Views | 9 September 2019

In 1992, my father announced that he would like to come and visit me in Jakarta. Wonderful, I thought, he had never been to Jakarta before, or even Asia, so this would be a great opportunity to show him the other side of the world and the place where I live.

Welcome to My World
Photo by Eamonn Sadler/NOWJAKARTA

I met him at the airport and bustled him and his bags into a taxi, then we headed towards my house. On the way back into the city it was fun to watch him gaze out of the window in slack-jawed awe at the various sights that can only be seen in Jakarta. For example, as we came off the toll road, a motorbike passed us with what can only be described as a small house strapped on to the back of it. It was a large light blue box with what looked like a chimney sticking out of the top and a couple of small hatch doors on each side. The bike was clearly unstable with this huge load on the back, and by the look of the rider he was clearly unstable as well. As he careened along the road he had his full-face helmet perched on the back of his head at a jaunty angle, his jacket on backwards, and he was looking cross-eyed down his nose trying to light a kretek cigarette with the lighter in his left hand. My father, a retired UK Firefighter and former National Fire Brigades Union Health and Safety representative, didn’t know where to start. “Did you see...? He had a... and his helmet was... and he was trying to... while he was...” He swallowed, “Good Lord”.

When we reached my house, the houseboy came out to meet us and started unloading the bags from the taxi. My father tried to help. I told him it was okay, Suparman would take care of it. He looked confused. He then tried to shake Suparman’s hand, and now Suparman was confused. “He’s our houseboy Dad,” I said, “he works here.” We went inside and I introduced my maid, Tini. My father greeted her very politely like she was my girlfriend. “How do you do?” he asked and added the obligatory “I’ve heard so much about you”. Now Tini was confused and quickly scurried off to the back of the house. I doubled up laughing and my father said “What? What did I say?” That just made things worse.

To honour my father’s visit I fixed up a small tour of the country staying at various hotels owned by a client of mine. The hotels gave us free accommodation in return for my services as a “spy guest”, meaning I had to test all the hotels’ facilities and services and then write a report for the management. Great work if you can get it—eat at every restaurant, order room service, use the laundry, empty the mini bar to see how long it takes to get re-stocked, etc., and all for free.
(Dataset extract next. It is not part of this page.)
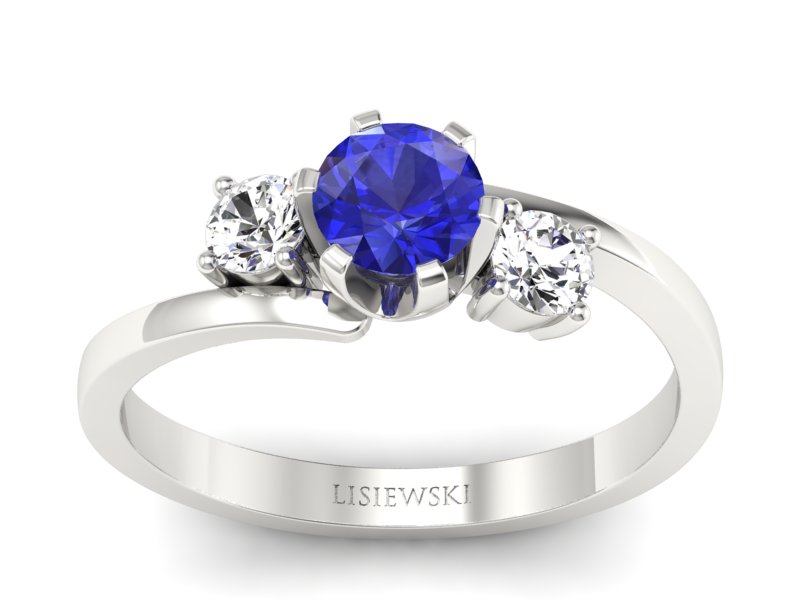Pierścionek z szafirem i brylantami białe złoto - p16375bszc - 1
At our first hotel in Surabaya, my father and I duly ordered everything we could without looking suspicious, and timed how long it took for our orders to arrive, then we critiqued the food and the service. Every night I spent half an hour writing up our expert findings. This very important work seemed to come very naturally to us.
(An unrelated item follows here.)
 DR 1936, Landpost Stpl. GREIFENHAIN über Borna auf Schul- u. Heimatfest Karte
When we reached Bali and checked in to our poolside room, I could see that my father was suitably impressed with his surroundings. Within three minutes of entering our room I heard a splash; I looked round to see my father floating on his back in the rippling pool gazing up at the clear blue sky. After lunch I asked him what he wanted to do and gave him a narrative of the possibilities. He thought for a moment and grinned. “Is it all right if we just stay here?” I was pleased. I guess Bali is in itself a destination for most people and just being there is special enough. For four days we lounged around and walked on the beach and swam. We ate and drank and lived like kings and I wrote up my reports. My father could not have been happier.

We came back to Jakarta via Yogyakarta and had an equally pleasant time walking the markets and seeing everything there is to see that is so different from anything in the UK. What stuck in my father’s mind the most was a scene at a building site we walked past one afternoon. He watched in amazement as the labourers climbed like monkeys up the bamboo scaffolding with tools between their teeth, wearing nothing but shorts and sandals. His mouth was moving but no words came out as he looked at me and pointed in the general direction of the scene. I put my arm round his shoulder and led him away. “It’s all right Dad,” I assured him, “they’ll be fine”.